Blog by the Media Technologies research group (GTM). Researching interactions between humans, machines and their environments.

13 July 2013 | Posted by Editorial Team GTM

New article published in the Journal of Acoustical Society of America

A  new scientific paper, resulted from the collaboration between the Acoustics group and the Human Computer Interaction group of La Salle R&D,  has been published in the Journal of Acoustical Society of America this month.

The article, coauthored by Xavier Valero and Francesc Alías, proposes a novel signal feature extraction technique inspired by human perception for the automatic recognition of acoustic environments.

 

Title: “Narrow-band Autocorrelation function features for the automatic recognition of acoustic environments”

Published in: Journal of the Acoustical Society of America, vol. 134, issue 1, pp. 880-890.

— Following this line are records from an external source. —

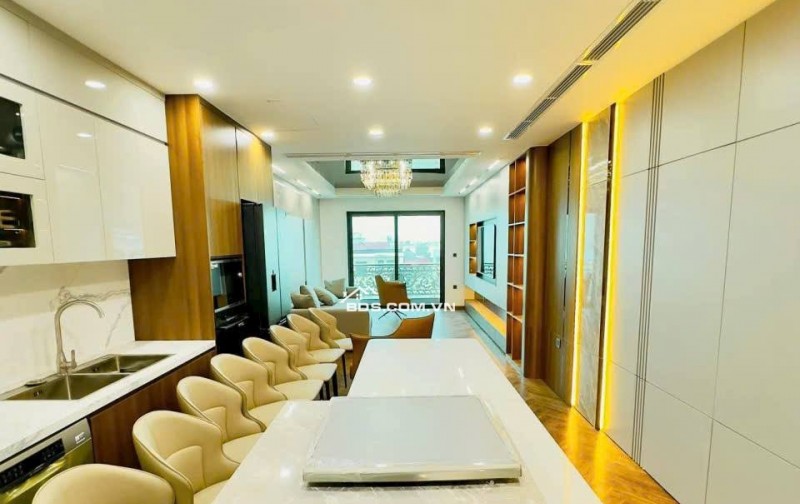 Bán Nhà Mặt Phố Kinh Doanh Nguyễn Văn Cừ 61m, 7 tầng, mt 4m, giá 33.5 tỷ.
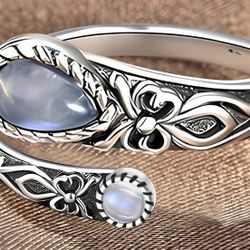 🌟NEW🌟 Silver Moonstone Ring Vintage Boho Style Band with Butterfly Detail - Adjustable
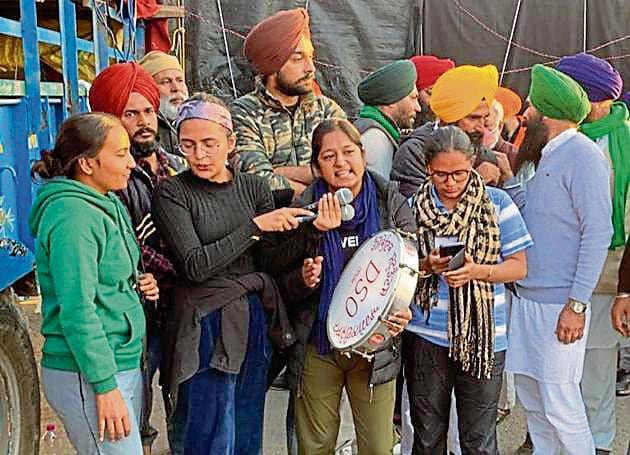 Jagjit Kaur Nikki sings a song at the Kundli border in New Delhi on Sunday.(HT photo)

Abstract: Acoustic environments are typically composed of multiple sound sources of different typologies, making them especially complex to model and parameterize. To develop an automatic acoustic environment recognition system, this work proposes a spectro-temporal signal parameterization technique inspired by human perception. The proposed parameters are derived from the analysis of the autocorrelation function of narrow-band signals (NB-ACF) obtained from an auditory gammatone filter bank. Five features related to acoustic phenomena are extracted from the NB-ACF to parameterize sound signals. Experiments are conducted on a 4 h sound database (composed of 15 different acoustic environments) employing four different machine learning techniques: K-nearest neighbor, Gaussian mixture models, neural networks and support vector machines. The averaged recognition rates increase by 4.5% when using the proposed NB-ACF features instead of the popular Mel frequency cepstral coefficients. The improvement is even greater (5.6%) when the features are tested in acoustic environments from unknown locations. These results are attributed to the better modeling of the acoustic environments thanks to the complementarity of the spectro-temporal features derived from NB-ACF analysis.